Back in 2011 I did the Southern Lit reading challenge, and I've not done one since. Partly, I like to try different challenges and I try to keep the number of challenges I do to a reasonable number, but as a Southerner who lives in the South and who claims to love Southern Lit, I read a fairly small amount of it. And after a recent disappointing Southern read, I think I've sort of figured out why.
Classifying all books that are published from a quarter of the country as simply "Southern Lit" does a disservice to readers (as does the classification of "Western Lit," and the biggest disservice I think we do is ignoring "Midwestern Lit" altogether. But that's a rant for another day.) There are some types of Southern books that I like, and some types that I don't, and when such a broad brush is used to paint an area of literature, it's easy to get bum recommendations. Just as a mystery reader will have strong opinions on cozies versus noirs versus police procedurals versus PI mysteries, I think we need to break up Southern lit into its parts.

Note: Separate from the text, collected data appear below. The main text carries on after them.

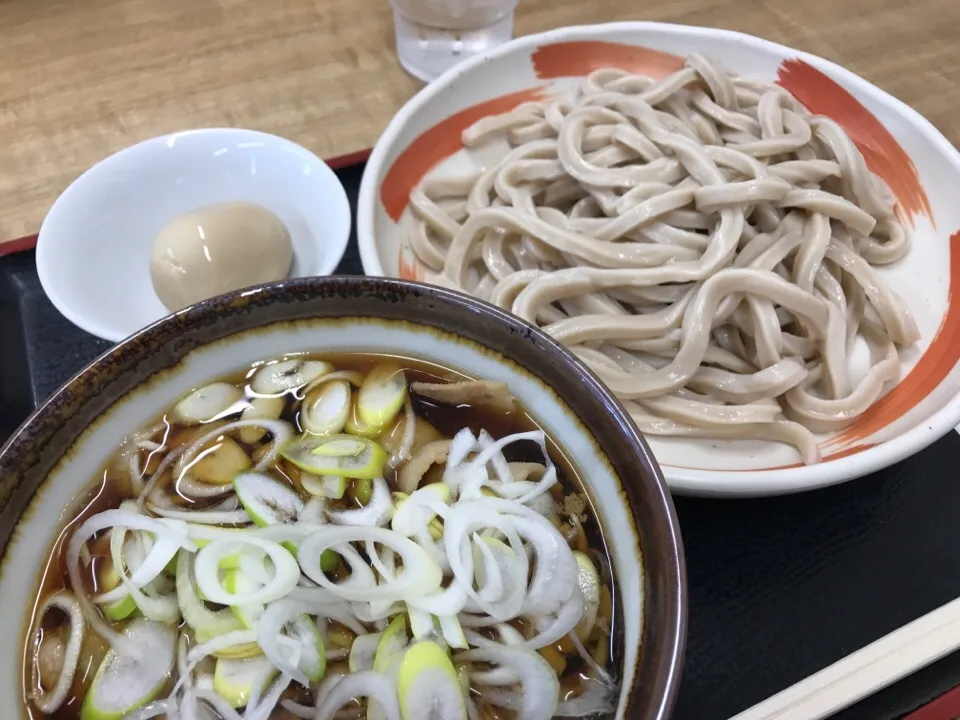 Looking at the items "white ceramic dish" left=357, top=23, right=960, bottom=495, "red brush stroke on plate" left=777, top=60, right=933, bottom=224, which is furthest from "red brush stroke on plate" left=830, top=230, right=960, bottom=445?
"red brush stroke on plate" left=777, top=60, right=933, bottom=224

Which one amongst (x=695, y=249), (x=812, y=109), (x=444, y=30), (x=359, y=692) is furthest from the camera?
(x=444, y=30)

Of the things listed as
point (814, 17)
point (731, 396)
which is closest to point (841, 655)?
point (731, 396)

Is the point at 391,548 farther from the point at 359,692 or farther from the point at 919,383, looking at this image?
the point at 919,383

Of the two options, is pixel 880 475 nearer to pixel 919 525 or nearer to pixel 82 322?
pixel 919 525

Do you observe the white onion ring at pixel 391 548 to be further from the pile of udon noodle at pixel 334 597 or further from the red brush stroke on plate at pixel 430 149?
the red brush stroke on plate at pixel 430 149

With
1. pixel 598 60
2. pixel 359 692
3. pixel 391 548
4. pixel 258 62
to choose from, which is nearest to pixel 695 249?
pixel 598 60

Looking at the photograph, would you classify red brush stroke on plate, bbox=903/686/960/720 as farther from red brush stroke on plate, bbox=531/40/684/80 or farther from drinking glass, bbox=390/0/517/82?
drinking glass, bbox=390/0/517/82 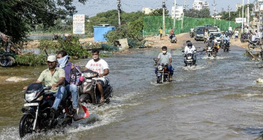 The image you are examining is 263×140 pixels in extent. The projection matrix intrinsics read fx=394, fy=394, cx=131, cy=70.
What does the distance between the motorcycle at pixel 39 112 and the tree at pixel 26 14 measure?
43.4 ft

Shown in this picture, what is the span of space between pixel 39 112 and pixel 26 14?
18.6 m

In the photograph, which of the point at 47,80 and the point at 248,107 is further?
the point at 248,107

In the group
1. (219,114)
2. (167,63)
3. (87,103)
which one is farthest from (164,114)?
(167,63)

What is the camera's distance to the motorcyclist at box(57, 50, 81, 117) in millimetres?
7512

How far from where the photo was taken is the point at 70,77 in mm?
8211

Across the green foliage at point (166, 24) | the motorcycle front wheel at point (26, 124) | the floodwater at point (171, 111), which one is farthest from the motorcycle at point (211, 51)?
the green foliage at point (166, 24)

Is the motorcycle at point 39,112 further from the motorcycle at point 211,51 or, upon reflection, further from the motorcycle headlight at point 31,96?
the motorcycle at point 211,51

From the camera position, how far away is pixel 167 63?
14336 mm

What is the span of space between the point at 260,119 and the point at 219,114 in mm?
964

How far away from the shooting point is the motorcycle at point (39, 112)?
643cm

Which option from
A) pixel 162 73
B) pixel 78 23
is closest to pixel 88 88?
pixel 162 73

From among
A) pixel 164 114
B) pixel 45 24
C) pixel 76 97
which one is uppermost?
pixel 45 24

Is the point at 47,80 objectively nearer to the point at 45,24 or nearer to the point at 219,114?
the point at 219,114

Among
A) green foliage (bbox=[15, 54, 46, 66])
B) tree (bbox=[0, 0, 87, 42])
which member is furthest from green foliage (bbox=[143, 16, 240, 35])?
green foliage (bbox=[15, 54, 46, 66])
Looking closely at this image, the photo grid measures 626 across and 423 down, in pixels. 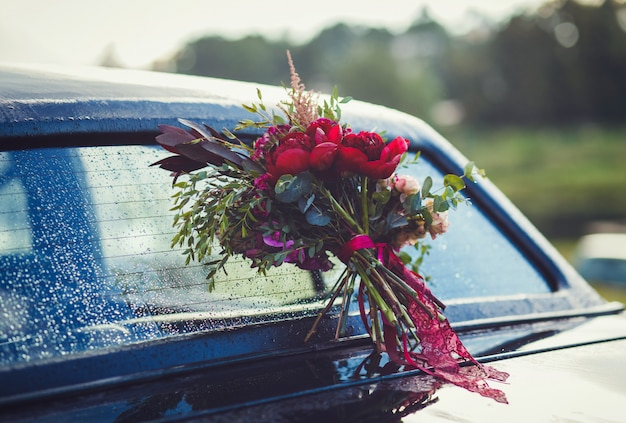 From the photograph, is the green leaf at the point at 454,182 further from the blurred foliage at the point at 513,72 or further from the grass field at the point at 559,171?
the blurred foliage at the point at 513,72

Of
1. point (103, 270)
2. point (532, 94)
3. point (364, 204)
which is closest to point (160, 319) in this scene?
point (103, 270)

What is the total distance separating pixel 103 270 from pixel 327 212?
524 millimetres

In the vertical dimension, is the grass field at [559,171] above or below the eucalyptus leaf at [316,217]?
above

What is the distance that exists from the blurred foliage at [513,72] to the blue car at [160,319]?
5516cm

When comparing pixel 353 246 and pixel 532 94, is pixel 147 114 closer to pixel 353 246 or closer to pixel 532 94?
pixel 353 246

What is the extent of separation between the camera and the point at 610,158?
50.3m

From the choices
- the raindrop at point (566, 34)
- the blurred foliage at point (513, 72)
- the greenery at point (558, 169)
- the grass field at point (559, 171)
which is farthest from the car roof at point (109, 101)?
the raindrop at point (566, 34)

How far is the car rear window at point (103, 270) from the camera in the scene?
154 cm

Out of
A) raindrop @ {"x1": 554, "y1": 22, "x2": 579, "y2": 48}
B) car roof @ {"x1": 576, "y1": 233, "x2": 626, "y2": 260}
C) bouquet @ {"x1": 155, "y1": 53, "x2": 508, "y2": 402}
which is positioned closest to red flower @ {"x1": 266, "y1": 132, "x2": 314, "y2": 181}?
bouquet @ {"x1": 155, "y1": 53, "x2": 508, "y2": 402}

What is a difference between Southerners and Northerners? Northerners hide their crazy aunt up in the attic whereas Southerns set her out on the front porch. A lot of these novels take advantage of this adage and pepper their cast with several funnily cranky old ladies who speak their minds and say what everyone else is thinking but keeps to themselves. Think of "Ouiser" in Steel Magnolias. But with more corn pone.
Like humorous, but taken down a notch. These books do have a more straightforward, traditional plot, but with some oddball characters mixed in. You might cry as well as laugh. Humor can be used to heighten serious situations, and when done well, it's stunning. When done poorly, it feels forced, like everyone is a secondary character from Gilmore Girls and no one is completely sane.

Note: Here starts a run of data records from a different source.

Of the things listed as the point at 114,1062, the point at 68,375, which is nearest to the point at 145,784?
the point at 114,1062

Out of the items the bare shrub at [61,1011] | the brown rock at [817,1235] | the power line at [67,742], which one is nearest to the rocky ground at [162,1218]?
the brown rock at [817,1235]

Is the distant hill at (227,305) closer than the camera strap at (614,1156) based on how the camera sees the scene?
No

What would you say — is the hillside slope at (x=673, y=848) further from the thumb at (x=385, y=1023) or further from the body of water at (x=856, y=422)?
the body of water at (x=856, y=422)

This might be the one Southern offshoot that is currently widely used. In these books, everything goes bad. Everyone is evil (well, there might be one redeemable character, our hero). No one obeys the law, everyone's drinking moonshine, and they might shoot you just for sport. Kissing cousins of the Hatfields and McCoys, these novels are dark and often don't have happy endings.

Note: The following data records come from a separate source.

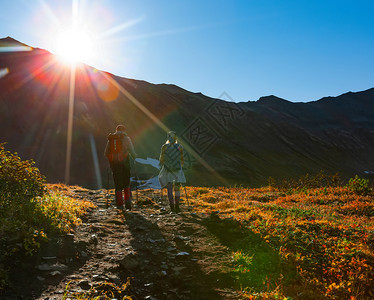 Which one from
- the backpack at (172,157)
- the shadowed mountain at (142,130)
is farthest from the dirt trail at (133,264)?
the shadowed mountain at (142,130)

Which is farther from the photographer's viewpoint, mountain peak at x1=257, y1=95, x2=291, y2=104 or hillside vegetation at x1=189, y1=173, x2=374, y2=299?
mountain peak at x1=257, y1=95, x2=291, y2=104

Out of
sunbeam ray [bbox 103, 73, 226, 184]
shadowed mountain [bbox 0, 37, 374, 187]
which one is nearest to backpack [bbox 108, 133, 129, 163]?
shadowed mountain [bbox 0, 37, 374, 187]

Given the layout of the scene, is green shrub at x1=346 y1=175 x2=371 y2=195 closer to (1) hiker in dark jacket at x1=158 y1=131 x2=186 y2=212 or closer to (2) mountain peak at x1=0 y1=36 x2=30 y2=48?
(1) hiker in dark jacket at x1=158 y1=131 x2=186 y2=212

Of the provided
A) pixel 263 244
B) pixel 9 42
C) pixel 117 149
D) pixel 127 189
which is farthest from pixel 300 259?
pixel 9 42

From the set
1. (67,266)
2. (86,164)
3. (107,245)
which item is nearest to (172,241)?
(107,245)

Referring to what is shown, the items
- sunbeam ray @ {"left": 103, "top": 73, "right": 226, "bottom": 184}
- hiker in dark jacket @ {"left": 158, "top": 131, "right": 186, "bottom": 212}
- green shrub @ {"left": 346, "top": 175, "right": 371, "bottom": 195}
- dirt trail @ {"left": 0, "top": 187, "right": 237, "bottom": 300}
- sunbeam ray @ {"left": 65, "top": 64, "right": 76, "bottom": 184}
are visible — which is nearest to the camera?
dirt trail @ {"left": 0, "top": 187, "right": 237, "bottom": 300}

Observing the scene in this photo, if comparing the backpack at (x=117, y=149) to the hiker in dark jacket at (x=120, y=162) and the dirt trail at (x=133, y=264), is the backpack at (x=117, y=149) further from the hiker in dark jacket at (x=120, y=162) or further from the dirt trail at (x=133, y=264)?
the dirt trail at (x=133, y=264)

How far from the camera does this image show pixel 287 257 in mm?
5039

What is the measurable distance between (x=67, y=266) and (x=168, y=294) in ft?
6.14

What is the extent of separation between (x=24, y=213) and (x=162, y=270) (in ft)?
11.0

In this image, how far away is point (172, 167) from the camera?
10.2 meters

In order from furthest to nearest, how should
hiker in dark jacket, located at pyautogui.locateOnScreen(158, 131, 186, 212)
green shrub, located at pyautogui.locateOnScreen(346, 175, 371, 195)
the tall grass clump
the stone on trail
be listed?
green shrub, located at pyautogui.locateOnScreen(346, 175, 371, 195), hiker in dark jacket, located at pyautogui.locateOnScreen(158, 131, 186, 212), the stone on trail, the tall grass clump

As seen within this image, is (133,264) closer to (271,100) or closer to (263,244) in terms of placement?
(263,244)

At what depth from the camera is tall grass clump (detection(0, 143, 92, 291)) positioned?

Nearly everything in this category is related to a single historical period, the Civil War (and immediately before and after.) I do wish people would branch out more as most of the South, particularly the coastal areas, was settled nearly as long ago as New England and the Mid-Atlantic. As a Southerner, I am occasionally disheartened that Yankees often seem to not know that there truly is any history in the South before 1850.
These books take themselves way too seriously. No one cracks a smile. Descriptions are taken to a new level. Tone and atmosphere are of utmost importance. Pretentiousness is a good thing. Wants to be Faulkner but for heaven's sake, no one even wants to read his books and they are Great Classics.
What I would love to see are more books that are mysteries or women's literature or thrillers, that just happen to be set in the South. Plenty of people live in the South who have fairly ordinary lives, who aren't eating Moonpies and marrying cousins and secret racists and quirky just for quirky's sake. It's so refreshing when I read a book set south of the Mason-Dixon line that is just a normal, regular book. Yes, setting is important, but why in the South must setting be Everything? Why must it dictate plot and character? Why must books set here reflect long-ago stereotypes? I'm sure it's partly because the majority of editors and agents are Northerners, and stereotypes are all they know and understand of the South. But for those of us who do live and work here, we'd love to see a few more books that reflect our normal, everyday lives without making us all out to be kooks who fly Confederate flags and would lynch people if we thought we wouldn't get caught.
I love good Southern novels. But there are a lot of Southern novels that I won't be reading. Just setting a book near my home isn't enough to persuade me to read it. Are any other Southern readers out there as frustrated by the state of Southern literature as I am?